§ Description of the task:
Every line of the listing belongs in your answer exactly as written; the images do not.

§ Data segment:
::::::

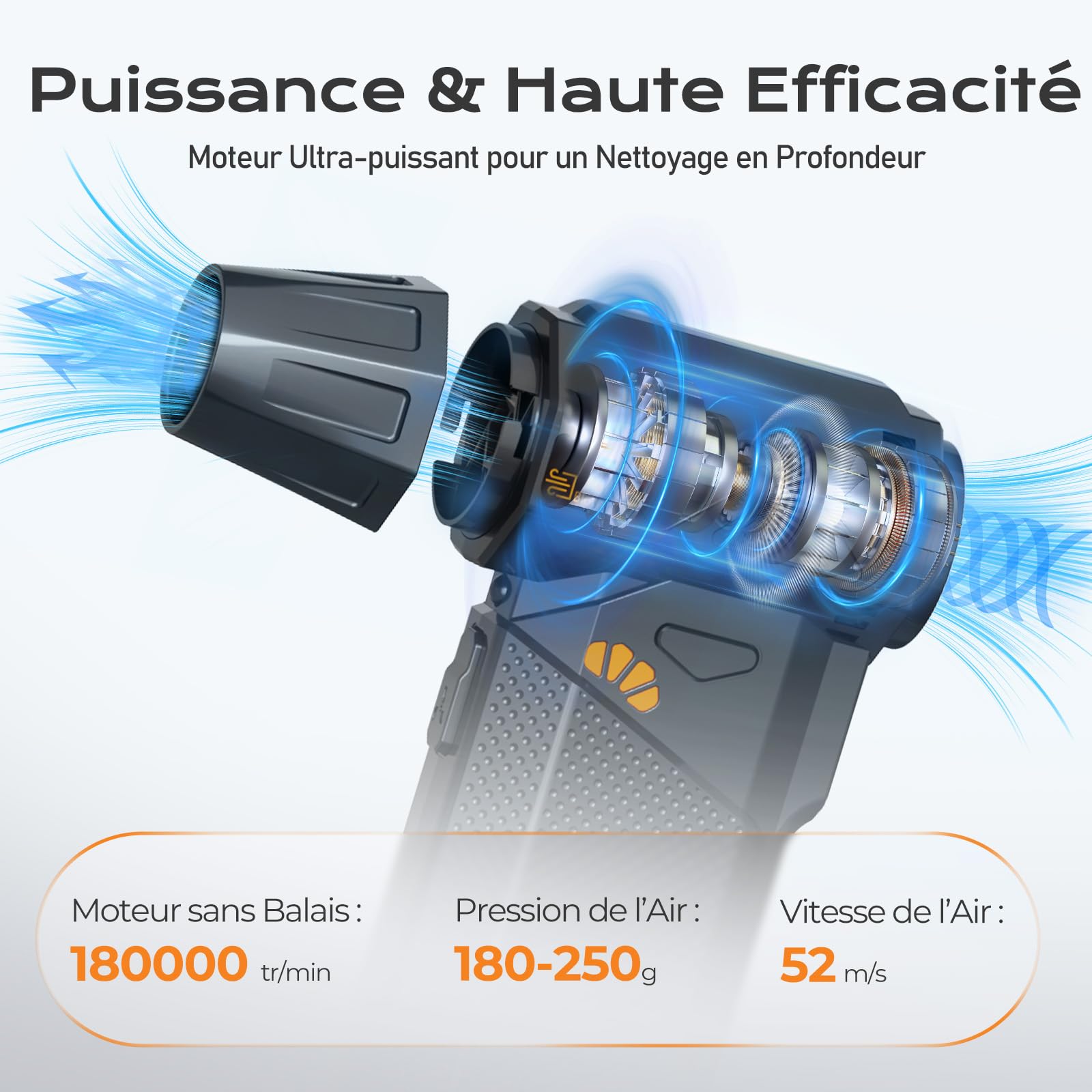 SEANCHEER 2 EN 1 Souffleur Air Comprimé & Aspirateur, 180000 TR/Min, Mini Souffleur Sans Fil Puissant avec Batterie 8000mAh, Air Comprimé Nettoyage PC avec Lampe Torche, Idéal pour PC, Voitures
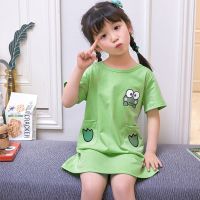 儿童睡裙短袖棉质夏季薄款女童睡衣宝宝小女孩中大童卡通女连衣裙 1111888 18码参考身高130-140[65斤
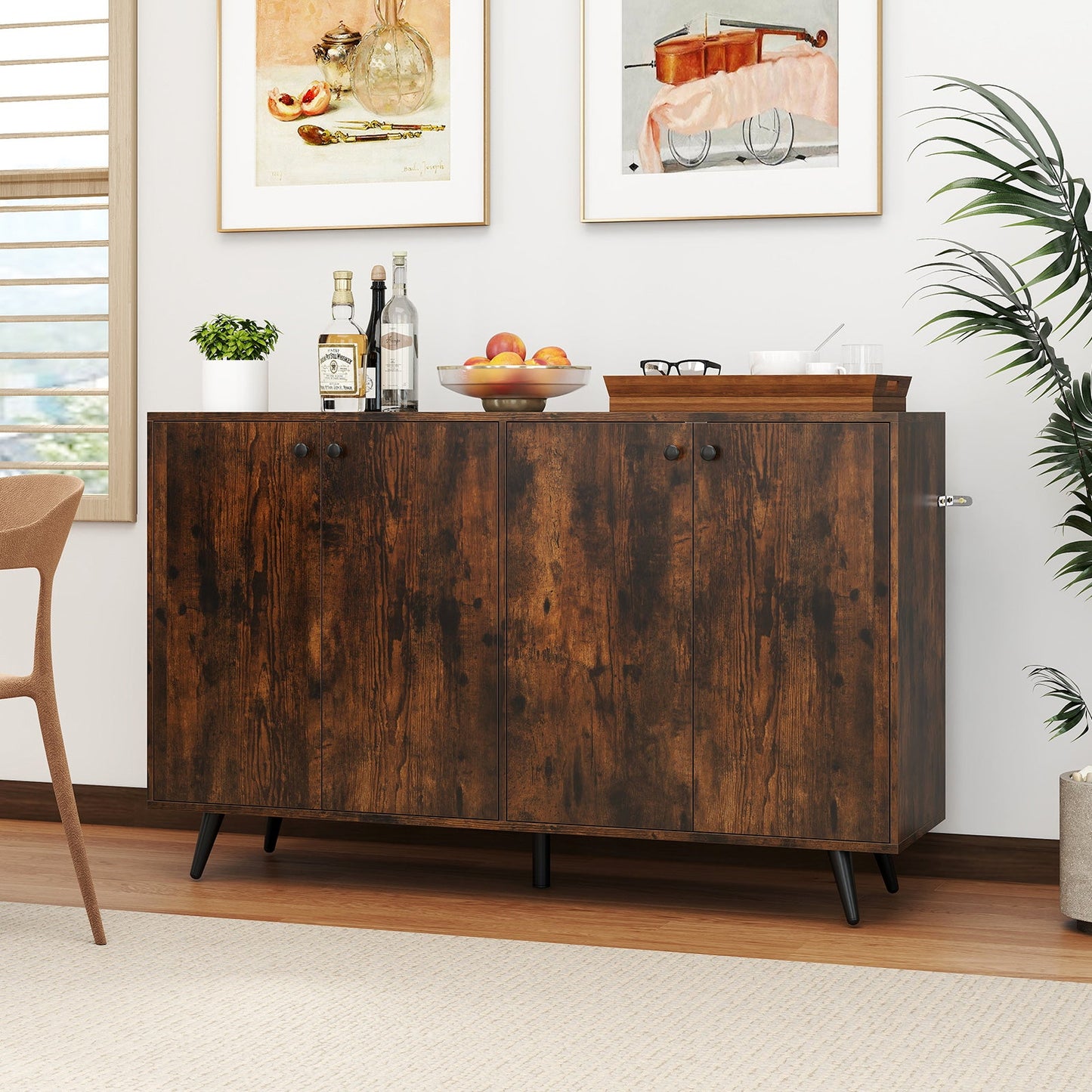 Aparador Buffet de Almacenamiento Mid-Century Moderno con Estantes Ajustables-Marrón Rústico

::::::

§ Response to the task:
 SEANCHEER 2 EN 1 Souffleur Air Comprimé & Aspirateur, 180000 TR/Min, Mini Souffleur Sans Fil Puissant avec Batterie 8000mAh, Air Comprimé Nettoyage PC avec Lampe Torche, Idéal pour PC, Voitures
 儿童睡裙短袖棉质夏季薄款女童睡衣宝宝小女孩中大童卡通女连衣裙 1111888 18码参考身高130-140[65斤
 Aparador Buffet de Almacenamiento Mid-Century Moderno con Estantes Ajustables-Marrón Rústico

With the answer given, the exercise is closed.